Sometimes the black letter law passed by the legislature is unclear. The legislature can’t anticipate every possible fact scenario when they pass a law, so it lay to the courts to interpret the law and give guidance to what it means. This interpretation is called case law. When the court decides a certain meeting to the law it essentially answers a legal question. Lawyers and other courts then can rely on that ruling when they have a similar issue in their case. The following case answers the question above.
State v. Wilmer, 2016, 384 P.3d 32, 53 Kan.App.2d 99.
This case addresses the following issue:
Can you get charged with violating a protection order that was not the result of a protection from abuse/stalking case?

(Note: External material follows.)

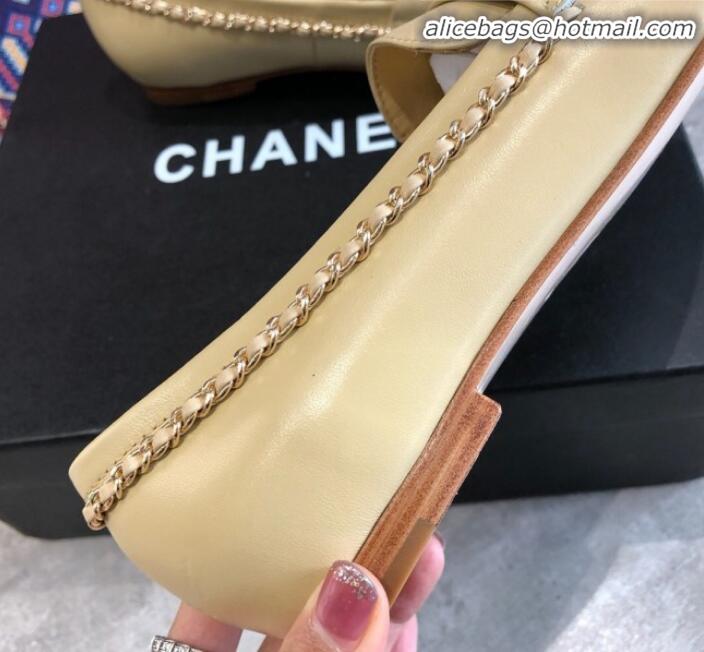 Discount Chanel Lambskin Chain Flat Loafers G35631 Beige 2020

“Following a preliminary hearing, Wilmer was bound over on charges of attempted first-degree murder, aggravated assault with a deadly weapon, child endangerment, and being a felon in possession of a firearm. All charges arose out of an incident where he allegedly shot Rudy Hall while Hall was a passenger in a car with Cruce, and Cruce and Wilmer’s infant daughter. At the hearing, there was testimony from several witnesses that Wilmer contacted Cruce and attempted to influence the way she testified. There was also testimony that Wilmer had been violent with Cruce in the past. In fact, the preliminary hearing that was to be heard immediately following the one in this case was on a domestic battery charge against Wilmer in which Cruce was the victim. Wilmer was in jail, so he could only contact Cruce using phone calls and letters. The State requested a no-contact order between Wilmer and Cruce pending trial because there had been “a lot of testimony regarding letters and phone calls and perhaps attempts to get her to change her testimony.” The State’s concern was “not necessarily for the victim’s protection because the defendant is in custody, but it is about intimidation, which the Court is well aware does occur in domestic violence cases, and it occurs even when one party is incarcerated.” The district court granted the no-contact order, reasoning that “the State has the right to attempt to preserve their evidence, their witnesses from contact with the defendant.”” Id. at 100.
Three months later, Wilmer was charged with 21 counts of violating the no-contact order between February 24 and April 22, 2015, in violation of K.S.A. 2015 Supp. 21–5924(a)(4). Id. at 101. Wilmer filed a motion to dismiss, arguing that “there is no statutory authority for a District Court Judge to issue a no-contact order upon an incarcerated Defendant in a criminal case.” Id. The district court denied the motion and then found Wilmer guilty on all 21 counts. Wilmer was sentenced to 12 months for each count, set to run concurrently. Wilmer appealed.
Wilmer argued that the provision of that statute that allows the issuance of a no-contact order on a person in prison infringes on the prisoner’s rights under the First Amendment to the United States Constitution and Section 11 of the Kansas Constitution Bill of Rights. Id. The Court noted that Wilmer did not dispute the sufficiency of the evidence. Id. The State presented the audio recordings of the phone calls it claimed violated the no-contact order. Id.
Wilmer contended that if the court had the authority to issue the no-contact order, punishment for contempt of court was the exclusive remedy available to it. Id. at 103. Accordingly, Wilmer could not be charged criminally but would be limited to the court’s statutory authority to punish for contempt. Id. The Court disagreed.
Many states, including Kansas, have adopted procedures that courts must follow in the case of contemptuous behavior, either direct or indirect. See K.S.A. 20–1201 et seq. These statutes generally do not define what action constitutes contempt, nor do they outline the breadth of orders a court may enter in any give case, but they merely set out the procedures that must be followed, such as issuance of a show cause order, opportunity to be heard, etc. before a person is found to be in contempt of court. See K.S.A. 2015 Supp. 20–1204a. Although the court had the authority at common law to punish contemptuous behavior, these statutes now control the procedure to be followed. Id.
The Court of Appeals had unlimited review of the statute at issue in this case. Id. at 104. K.S.A. 2015 Supp. 21–5924 states:
“(a) Violation of a protective order is knowingly violating: (4) an order issued in this or any other state as a condition of pretrial release, diversion, probation, suspended sentence, postrelease supervision or at any other time during the criminal case that orders the person to refrain from having any direct or indirect contact with another person.” Id. at 104.
“The language of the statute is clear. It presumes that the court has the authority to enter no-contact orders during the course of any criminal proceeding.” Id.
The court determined that the statutory language was consistent with their discussion of the court’s inherent power to issue such orders to advance the orderly and fair administration of justice. Id. at 105. This case is a situation in which the legislature has obviously stepped in to assist the court in the enforcement of its orders by providing for the criminal prosecution of people who fail to follow them. Id. The State is not prohibited from doing so merely because the district court could punish Wilmer for contempt of court. Id.
“In sum, punishment for contempt of court is not the exclusive remedy for the violation of a no-contact order issued during a pending criminal case. If the contemptuous conduct also violates a criminal statute, the government may prosecute the offender.” Id.